The court entered findings of fact, conclusions of law and judgment granting the relief prayed for by respondent building contractor in a suit for money due under a contract with appellants to construct a tavern. The court held appellants failed to meet their burden of proof and dismissed their counterclaim for loss of income due to an alleged failure to complete the building on time and for the cost of correction and completion of certain items alleged to have been within the contract.

As appellant concedes, the issues raised on appeal are with one exception factual. We have reviewed the record and there is substantial evidence and reasonable inferences therefrom, as respondent has pointed out in his brief, to sustain the findings of the trial court. This being so, we cannot disturb the findings of the trial court except as provided by RCW 4.44.060. Thorndike v. Hesperian Orchards, Inc., 54 Wn.2d 570, 343 P.2d 183 (1959).
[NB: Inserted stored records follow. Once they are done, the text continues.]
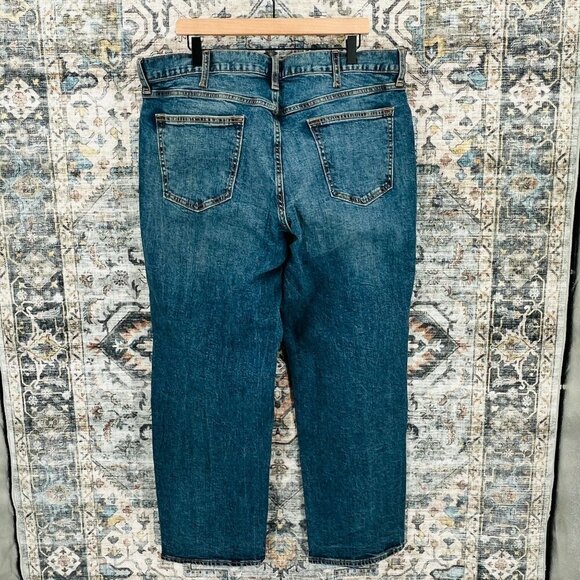 Old Navy Mens Jeans Size 40X32 Loose Fit Built In Flex New With Tags - Picture 7 of 9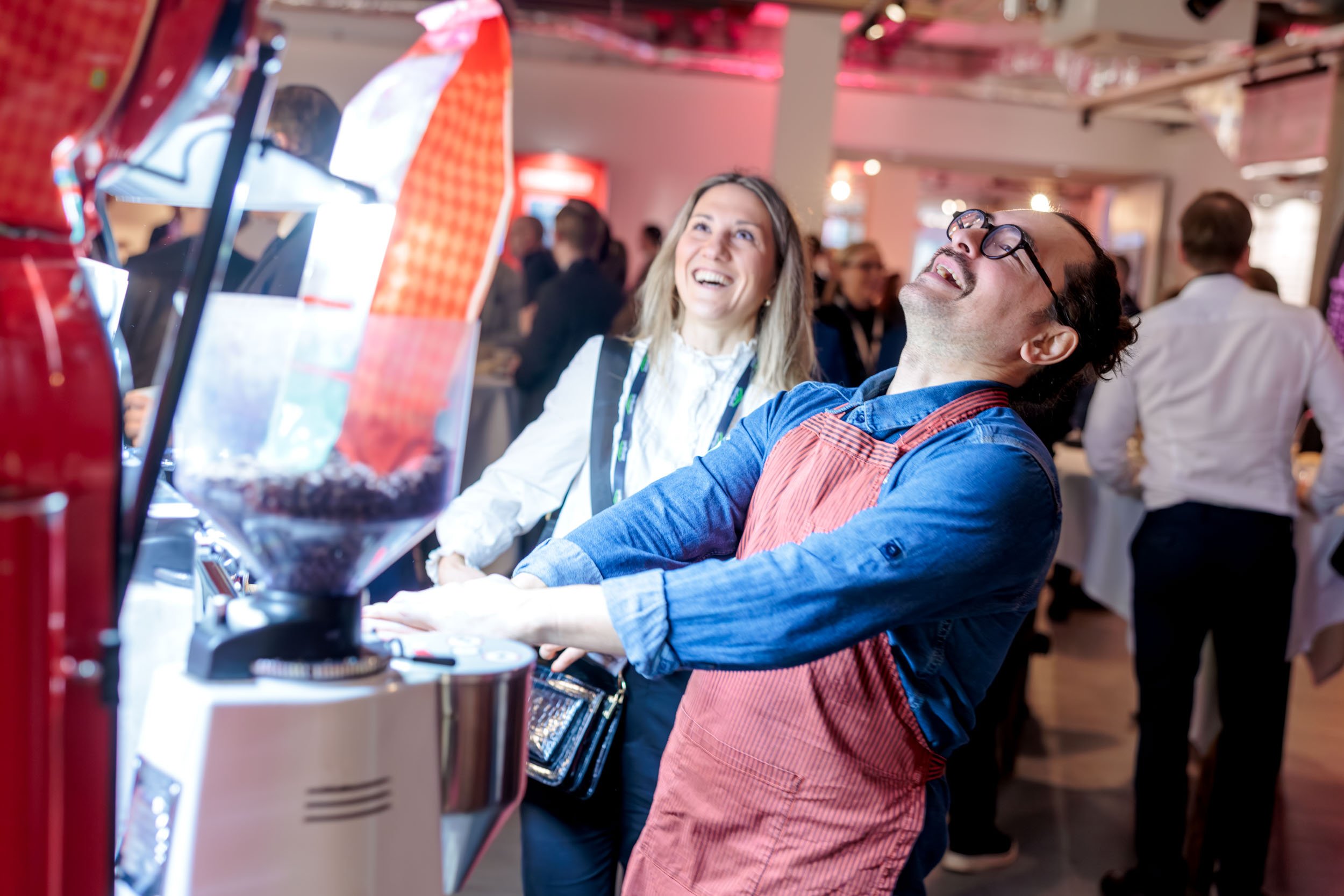 Eventfotografering stockholm, sergel hub-37.jpg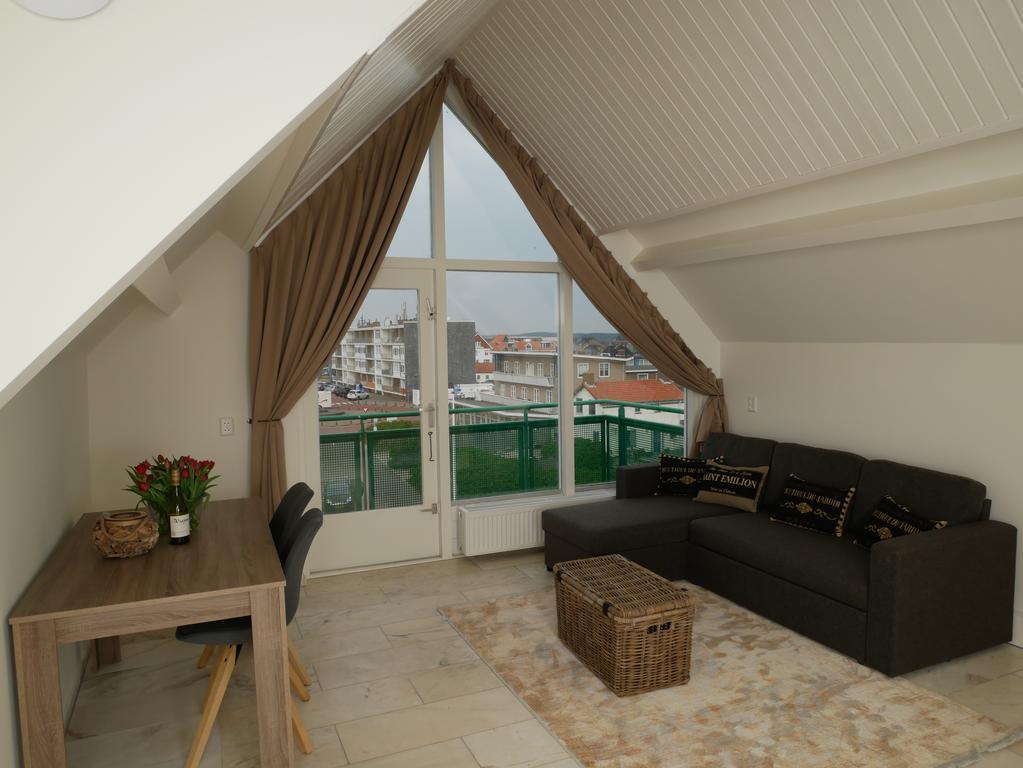 Huize De Duinen Aparthotel Bergen aan Zee Bilik gambar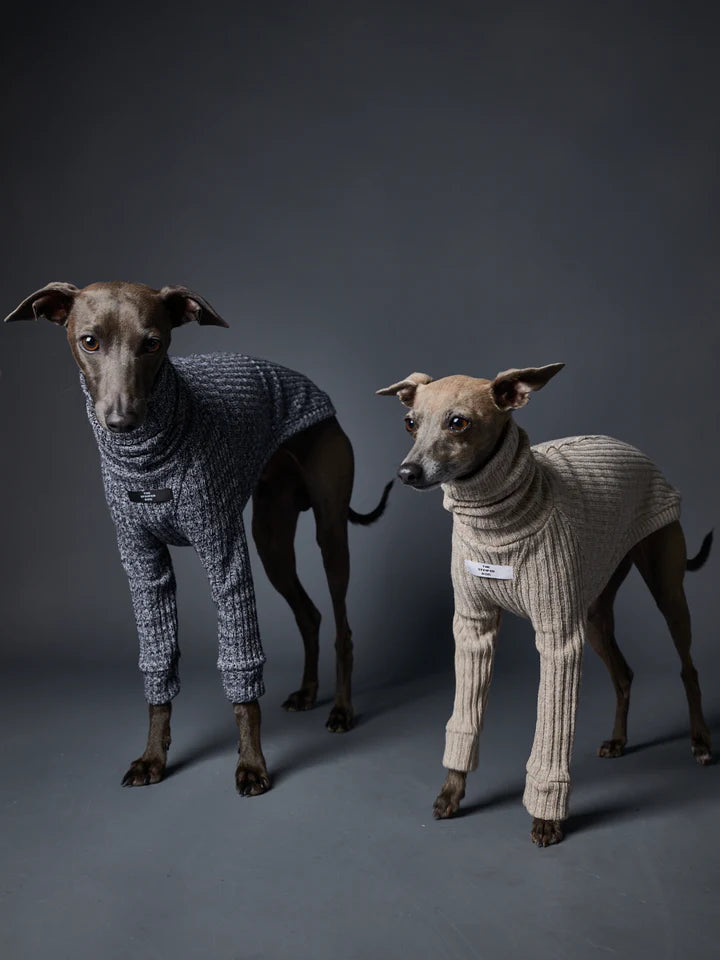 LONGSLEEVE TURTLENECK  ITALIAN GREYHOUND/WHIPPET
The factual findings the court enters are only those it determines have been established by the evidence. The court is not required to enter negative findings or findings that a certain fact has not been established. Miller v. Geranios, 54 Wn.2d 917, 338 P.2d 763 (1959).

At the close of the trial after respondent finished his rebuttal testimony, appellant moved, for the first time, for an accounting on an item for which credits were allowed in the written contract. The court denied this request inasmuch as respondent’s principal witness had left the city at the close of the rebuttal testimony. He was not in the city at the time the motion was made and could not have been made available then to refute testimony presented on the issue. The delay in making a request for an accounting was occasioned by the failure of appellants to inform its counsel of the questions involved until the end of the trial.

A motion to amend a pleading after pleadings have closed is addressed to the sound discretion of the trial court. Sanwick v. Puget Sound Title Ins. Co., 70 Wn.2d 438, 423 P.2d 624 (1967); CR 15(a). There is no abuse of discretion shown here.

The judgment of the trial court is affirmed.